Mas quando é que vamos ter uma região que se compare, por exemplo, a Nappa Valley?
É melhor não responder (risos). É preciso uma cultura diferente. Nós quando vamos a Nappa vemos um esforço colectivo muito grande. Trabalhar pelo valor faz parte da sua natureza e nós aqui ainda não sabemos trabalhar da melhor forma o valor. Julgo que há aqui apreconceitos que é preciso eliminar. No dia-a-dia não deixamos de ver o vizinho como concorrente. Nós temos um excelente exemplo que é o dos Douro Boys. Mas não é repetido. Para lá do marketing colectivo, houve um trabalhar colectivo do mercado. Temos também no Algarve a Adega do Cantor. Era bom que este fenómeno se repetisse em outras regiões e também no Douro. Isso resolvia-nos o problema da escala.

Portugal está a chegar a um limiar crítico em que é preciso uma nova aposta estratégia para continuar a crescer?
Sim, é natural que a produção suba, incrementalmente, por via das reestruturações de vinha que têm sido feitas. É natural que o consumo mantenha esta tendência de decréscimo, e portanto vai havendo aqui uma libertação marginal de vinho para exportação. Mas a percepção que temos é que essa margem é menor do que a nossa taxa de crescimento das exportações. De facto é hora de trabalharmos o valor e muito menos a quantidade. Precisamos de ter profissionais mais bem preparados, que saibam negociar. Nós por vezes questionamos se quando um português entra na sala de um comprador tem o seu discurso devidamente preparado, se tem prontos os seus argumentos negociais. Muitas vezes vamos para um negócio e não saímos da dimensão do preço.  

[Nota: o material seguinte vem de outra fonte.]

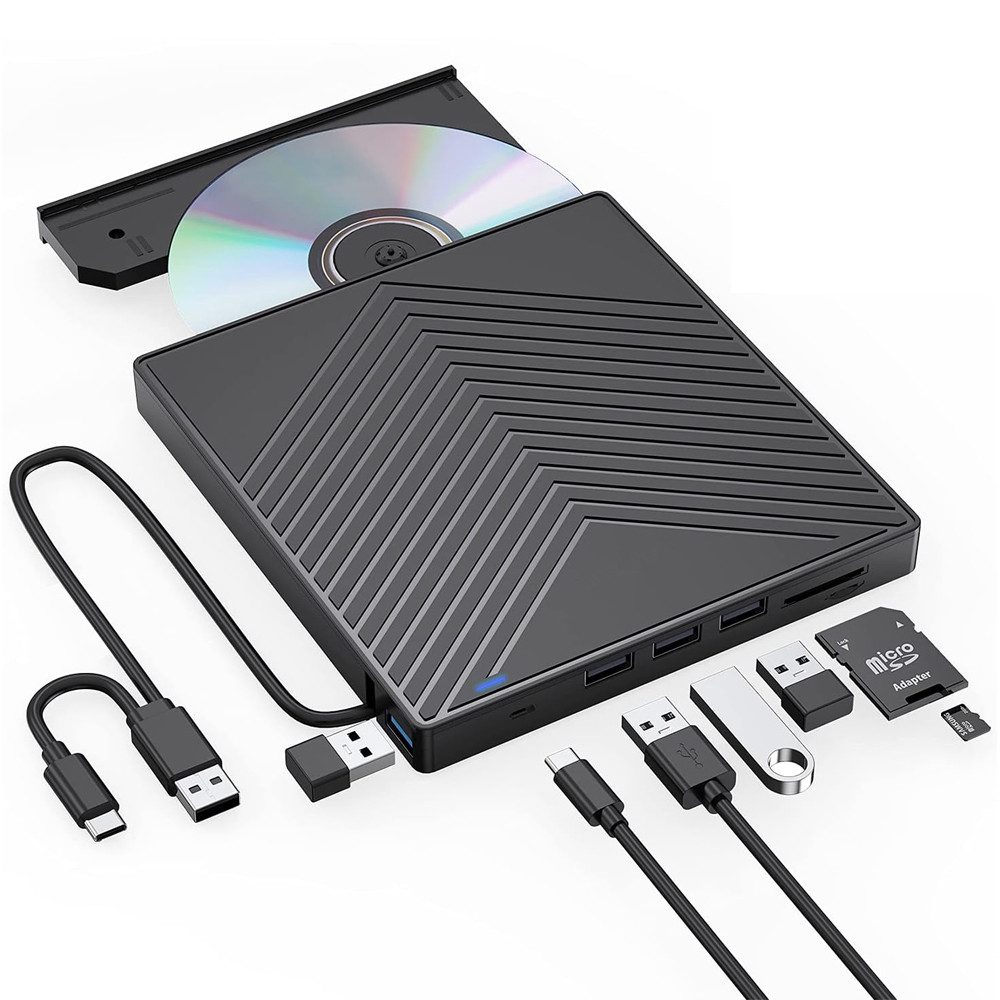 TUWENA Externes DVD Laufwerk, Plug-and-Play CD Laufwerk, mit SD/TF-Anschluss DVD-Brenner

A Viniportugal conseguiu recentemente o estatuto de organismo interprofissional. Isso serve para quê? O que vai fazer com esse estatuto?
Isto é a mesma coisa que um empregado que trabalha na mesma empresa há 15 anos com recibos verdes entrar no quadro. Ele no dia seguinte vai continuar a produzir e a ganhar o mesmo, com a mesma dedicação, mas apesar de tudo tem um estatuto muito mais estável e sólido. É um reconhecimento que nos dá estabilidade acrescida e nos traz estabilidade. Mas que nos aumenta a responsabilidade.